◆ Your goal ◆
Please copy exactly the lines from the top of the data through the line containing "Photo - 50 Hampstead", and nothing else.

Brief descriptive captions
---+---

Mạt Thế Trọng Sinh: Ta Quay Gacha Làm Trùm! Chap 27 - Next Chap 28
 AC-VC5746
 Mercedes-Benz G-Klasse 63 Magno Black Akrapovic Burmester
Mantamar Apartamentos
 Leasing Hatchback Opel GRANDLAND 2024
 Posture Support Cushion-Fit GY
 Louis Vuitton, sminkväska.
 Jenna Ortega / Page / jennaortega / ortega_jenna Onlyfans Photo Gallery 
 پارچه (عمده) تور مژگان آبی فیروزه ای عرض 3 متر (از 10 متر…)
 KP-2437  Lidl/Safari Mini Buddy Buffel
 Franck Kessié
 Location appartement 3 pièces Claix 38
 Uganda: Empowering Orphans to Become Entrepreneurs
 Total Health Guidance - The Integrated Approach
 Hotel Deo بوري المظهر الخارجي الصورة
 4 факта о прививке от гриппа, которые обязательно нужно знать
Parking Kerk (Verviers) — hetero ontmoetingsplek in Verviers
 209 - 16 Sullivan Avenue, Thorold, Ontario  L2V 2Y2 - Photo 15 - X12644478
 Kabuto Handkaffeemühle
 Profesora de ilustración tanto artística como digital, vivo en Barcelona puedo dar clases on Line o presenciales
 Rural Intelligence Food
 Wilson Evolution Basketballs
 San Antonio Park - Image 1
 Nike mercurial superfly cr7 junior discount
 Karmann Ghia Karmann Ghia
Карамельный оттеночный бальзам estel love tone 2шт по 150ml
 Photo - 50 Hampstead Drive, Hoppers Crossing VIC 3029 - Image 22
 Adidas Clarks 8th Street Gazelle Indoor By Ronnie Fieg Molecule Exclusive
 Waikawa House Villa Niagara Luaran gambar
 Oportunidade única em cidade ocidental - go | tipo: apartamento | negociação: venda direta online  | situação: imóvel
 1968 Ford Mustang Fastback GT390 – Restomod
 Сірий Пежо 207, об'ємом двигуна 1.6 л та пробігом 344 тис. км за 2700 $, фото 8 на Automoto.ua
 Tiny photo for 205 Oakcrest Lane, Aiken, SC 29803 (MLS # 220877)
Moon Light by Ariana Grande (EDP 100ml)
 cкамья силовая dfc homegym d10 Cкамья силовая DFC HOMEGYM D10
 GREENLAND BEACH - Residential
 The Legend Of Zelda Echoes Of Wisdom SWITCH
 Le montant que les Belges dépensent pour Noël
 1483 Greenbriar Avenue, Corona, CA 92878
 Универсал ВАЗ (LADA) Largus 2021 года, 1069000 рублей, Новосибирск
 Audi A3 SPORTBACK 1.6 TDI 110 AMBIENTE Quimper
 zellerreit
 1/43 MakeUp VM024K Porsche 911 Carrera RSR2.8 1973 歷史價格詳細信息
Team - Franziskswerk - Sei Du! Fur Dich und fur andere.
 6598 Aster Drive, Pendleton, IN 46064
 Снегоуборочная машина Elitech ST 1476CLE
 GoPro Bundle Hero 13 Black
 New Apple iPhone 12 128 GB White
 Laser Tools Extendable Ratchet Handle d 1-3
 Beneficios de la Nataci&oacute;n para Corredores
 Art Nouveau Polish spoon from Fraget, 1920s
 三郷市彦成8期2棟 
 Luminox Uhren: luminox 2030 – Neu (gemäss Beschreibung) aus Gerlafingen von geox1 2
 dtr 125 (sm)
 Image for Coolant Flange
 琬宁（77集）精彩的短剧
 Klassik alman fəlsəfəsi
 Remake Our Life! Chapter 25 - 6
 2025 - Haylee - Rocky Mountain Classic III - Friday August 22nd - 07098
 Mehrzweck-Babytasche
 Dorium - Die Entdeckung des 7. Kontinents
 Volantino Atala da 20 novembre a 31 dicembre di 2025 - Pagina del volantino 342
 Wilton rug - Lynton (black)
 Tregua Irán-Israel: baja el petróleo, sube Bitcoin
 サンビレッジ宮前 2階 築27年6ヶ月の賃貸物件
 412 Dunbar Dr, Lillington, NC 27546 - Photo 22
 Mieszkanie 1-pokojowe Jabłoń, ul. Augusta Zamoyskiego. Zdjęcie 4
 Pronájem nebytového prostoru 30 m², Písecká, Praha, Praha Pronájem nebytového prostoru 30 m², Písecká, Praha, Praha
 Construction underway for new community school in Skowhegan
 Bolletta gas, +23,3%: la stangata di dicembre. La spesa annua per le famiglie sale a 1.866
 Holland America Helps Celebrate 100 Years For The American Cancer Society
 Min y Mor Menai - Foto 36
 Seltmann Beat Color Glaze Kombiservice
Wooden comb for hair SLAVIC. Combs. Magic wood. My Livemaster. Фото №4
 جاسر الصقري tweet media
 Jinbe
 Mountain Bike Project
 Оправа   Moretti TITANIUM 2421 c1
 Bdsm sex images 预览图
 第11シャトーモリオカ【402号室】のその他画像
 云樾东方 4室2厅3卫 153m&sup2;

---+---

◆ Result of this task ◆
Mạt Thế Trọng Sinh: Ta Quay Gacha Làm Trùm! Chap 27 - Next Chap 28
 AC-VC5746
 Mercedes-Benz G-Klasse 63 Magno Black Akrapovic Burmester
Mantamar Apartamentos
 Leasing Hatchback Opel GRANDLAND 2024
 Posture Support Cushion-Fit GY
 Louis Vuitton, sminkväska.
 Jenna Ortega / Page / jennaortega / ortega_jenna Onlyfans Photo Gallery 
 پارچه (عمده) تور مژگان آبی فیروزه ای عرض 3 متر (از 10 متر…)
 KP-2437  Lidl/Safari Mini Buddy Buffel
 Franck Kessié
 Location appartement 3 pièces Claix 38
 Uganda: Empowering Orphans to Become Entrepreneurs
 Total Health Guidance - The Integrated Approach
 Hotel Deo بوري المظهر الخارجي الصورة
 4 факта о прививке от гриппа, которые обязательно нужно знать
Parking Kerk (Verviers) — hetero ontmoetingsplek in Verviers
 209 - 16 Sullivan Avenue, Thorold, Ontario  L2V 2Y2 - Photo 15 - X12644478
 Kabuto Handkaffeemühle
 Profesora de ilustración tanto artística como digital, vivo en Barcelona puedo dar clases on Line o presenciales
 Rural Intelligence Food
 Wilson Evolution Basketballs
 San Antonio Park - Image 1
 Nike mercurial superfly cr7 junior discount
 Karmann Ghia Karmann Ghia
Карамельный оттеночный бальзам estel love tone 2шт по 150ml
 Photo - 50 Hampstead Drive, Hoppers Crossing VIC 3029 - Image 22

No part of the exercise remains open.